TASC 2022.06 Ehlers Loops


TASC's June 2022 edition Traders' Tips includes an article by John ​Ehlers titled "Ehlers Loops. Part 1". This is the code implementing the price-volume Ehlers Loops he introduced in the publication.


John ​Ehlers developed Ehlers loops as a tool to visualize the performance of one data stream versus another, both filtered and scaled. In this article, the author applies his concept to exploit and/or dispel the dogmatic principles of reliable price-volume relationships.

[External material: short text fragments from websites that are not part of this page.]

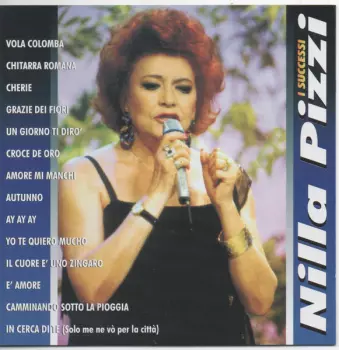 Nilla Pizzi: I Successi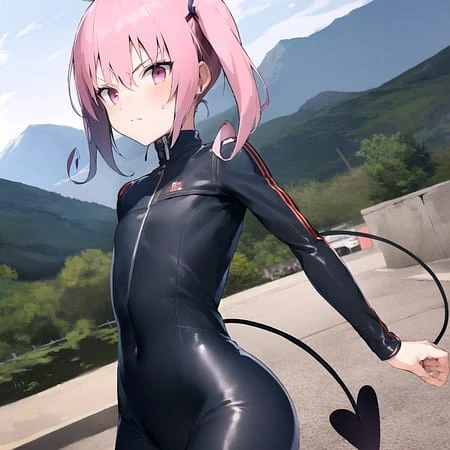 Featured image #3 for Nana Asta Deviluke from To Love Ru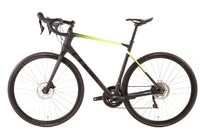 Cube Attain Race GTC Shimano 105 Disc Road Bike 2021, Size 58cm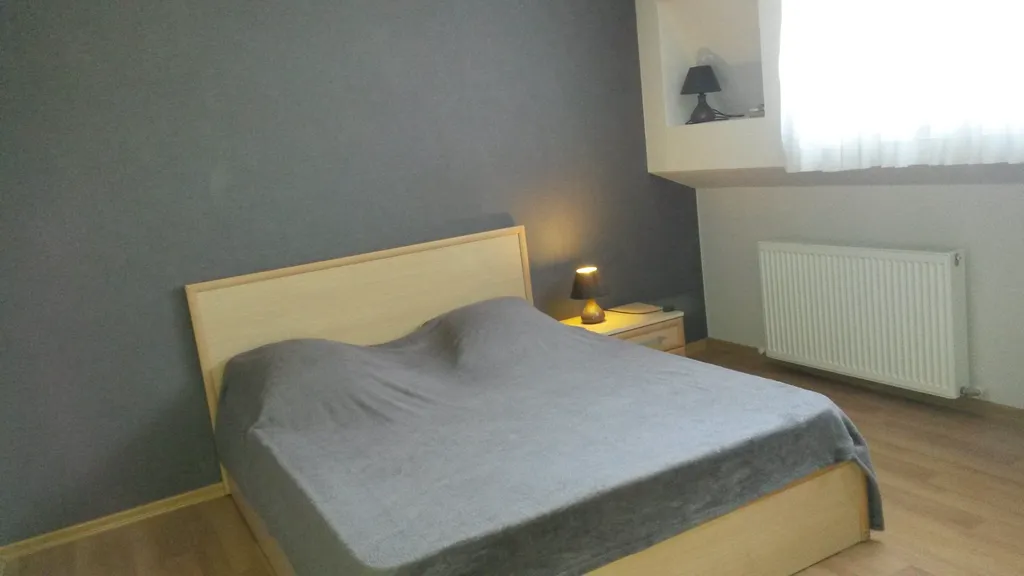 Квартира Квартира Дуплекс в старом Батуми с видом на церковь — Батуми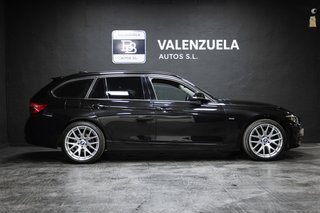 BMW Serie 3 2018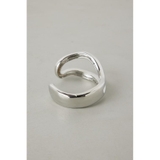 ニュアンスダブルリングバングル | AZUL BY MOUSSY | 詳細画像14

The script offers two different ways to visualize ​Ehlers Loops:

Oscillators (default option)

In this implementation, filtered and scaled ​volume is plotted along with filtered and scaled price as zero-mean oscillators. Observation of the relative direction of ​volume and price oscillators can be discretionarily used to interpret and predict market conditions. For example, it is generally assumed that an increase in ​volume and an increase in price define a ​bullish condition. Similarly, decreasing ​volume and increasing price are generally considered ​bearish. A decrease in ​volume and a decrease in price is considered a ​bullish condition. The increase in ​volume and decrease in price is often thought to be ​​bearish.

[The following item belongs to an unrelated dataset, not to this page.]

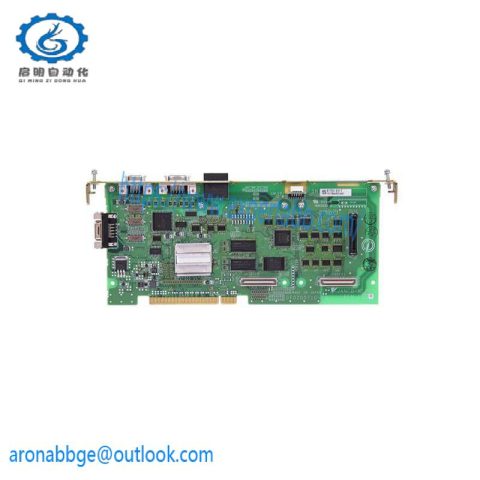 Yaskawa JANCD-NCP02 JANCD-NSL01 Robot PC Board, Industrial Control Module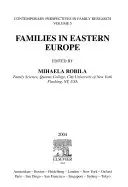 Familias en Europa del Este - Families in Eastern Europe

This Crocker-style visualization displays filtered and scaled price against filtered and scaled ​volume for the selected timespan. Fluctuations in ​volume are plotted along the x-axis, while price changes along the y-axis. This way of visualizing the ​Ehlers Loop allows you to analyze the curvature and directional path of the price in relation to ​volume, offering a different comparative perspective. The boundaries of the price and ​volume scale on the ​Ehlers Loop Crocker-chart are presented in standard deviations. Deviations can be used to predict possible future price or ​volume fluctuations. The expected probability of potential reversals is 68%, 95% and 99.7% at one, two and three standard deviations, respectively.

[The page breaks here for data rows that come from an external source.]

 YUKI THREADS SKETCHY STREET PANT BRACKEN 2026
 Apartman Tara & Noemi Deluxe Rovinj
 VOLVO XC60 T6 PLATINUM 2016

The following steps are used to build an ​Ehlers Loop:
 • Both price and ​volume are filtered to be band-limited signals. This is done by applying the high-pass Butterworth filter in combination with the low-pass SuperSmooth filter.
  The cutoff wavelengths of the high-pass and low-pass filters are defined by the input parameters HPPeriod and LPPeriod, respectively.
  These values change the appearance of the ​Ehlers Loops and can be customized to your trading style.
 • The filtered price and ​volume time series are then scaled in terms of standard deviation by dividing each by their root-mean-square values.
 • The resultant price and ​volume data are plotted as zero-mean oscillators or as a scatterplot.